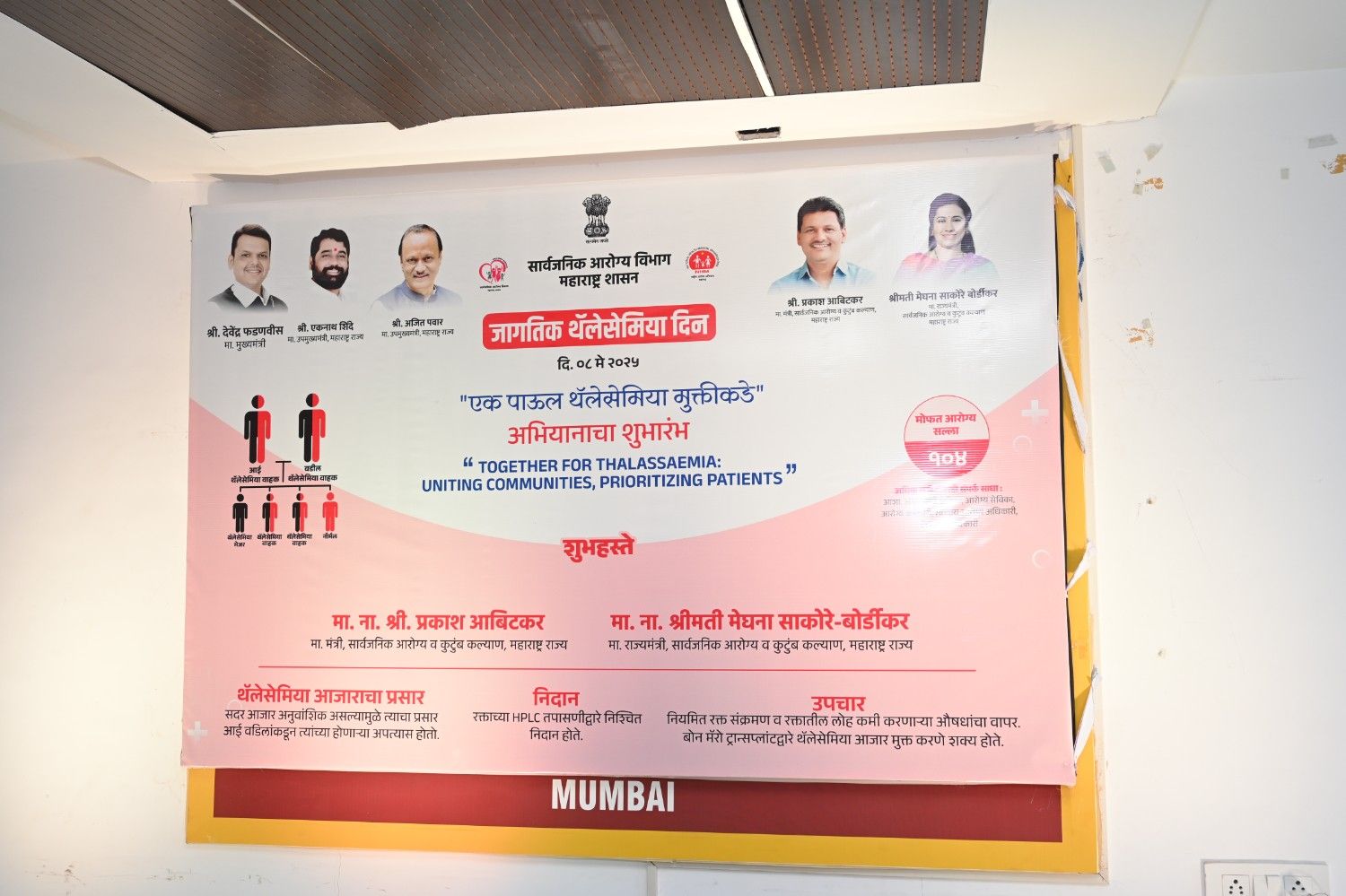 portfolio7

┄┄┄┄┄┄┄┄┄┄

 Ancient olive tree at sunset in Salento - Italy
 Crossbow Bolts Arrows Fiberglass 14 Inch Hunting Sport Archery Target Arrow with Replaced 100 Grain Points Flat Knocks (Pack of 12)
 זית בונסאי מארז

┄┄┄┄┄┄┄┄┄┄

◆ ASSIGNMENT ◆
Please return the lines above that run from the line containing "Crossbow Bolts Arrows" to the line containing "זית בונסאי מארז", inclusive, exactly and with no other lines.

◆ SOLUTION FOR THIS TASK ◆
 Crossbow Bolts Arrows Fiberglass 14 Inch Hunting Sport Archery Target Arrow with Replaced 100 Grain Points Flat Knocks (Pack of 12)
 זית בונסאי מארז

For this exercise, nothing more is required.